Kelsay now plays the role of heady veteran; he's never been a dominant player, but has played well when healthy this season. He's a good run defender that can occasionally put pressure on a quarterback. That's not a bad thing to have at the position at all. Moats is a young player disadvantaged by the team's unwillingness to keep him at one position; he's shown flashes as a pass rusher for two years now, but has a long way to go in terms of consistency and especially defending the run.
Batten is a hustler, and is sufficiently inexperienced that it's not unreasonable to think he can become something more than he is right now: a wave player. Ditto for Coleman, who is back with the team after being a roster cut casualty in early September.
There's nothing inherently wrong with these four players individually, nor as a group in some ways. "Useful" is the best word to describe them collectively because they're all players that fit the Buffalo mold - smart, tough and hard-working - and they're all talented guys capable of making plays on a professional football field.
Here's the problem, though: they don't make enough of them on their own. Useful almost always doesn't cut it at positions of critical importance on teams with playoff aspirations.

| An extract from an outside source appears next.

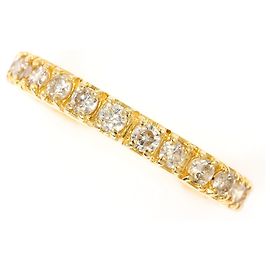 Autre Marque Ehering aus 18K Gelbgold mit Diamanten Golden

We can debate until we're blue in the face where the pass rush relates in importance to other critically important areas like quarterback and line play. No matter where it rates, it's crucially important, and the Bills are clearly lacking in this area - and as useful as these players are, they're not playing at a level where teams care to more than cursorily game plan for them. As a group, they're a collection of players that won't hurt you with what they bring to the table, but don't show enough of what it takes to really help you.
In today's NFL, it is imperative that a defense get pressure on a quarterback. The Bills have been doing that with decreasing effectiveness all season; they're currently dead last in the league with sacks, and as time has progressed their blitz packages have becoming increasingly ineffective. George Edwards spent his off week drawing up new pressure schemes, which speaks more to the state of the team's group of pass rushers than any opinion I can share with you.
The bottom line is this: the Bills have four useful outside linebackers, there is no reason to think that the group can't improve, and it's still by far the team's biggest problem defensively. At some point, GM Buddy Nix needs to realize it that useful is no longer going to cut it.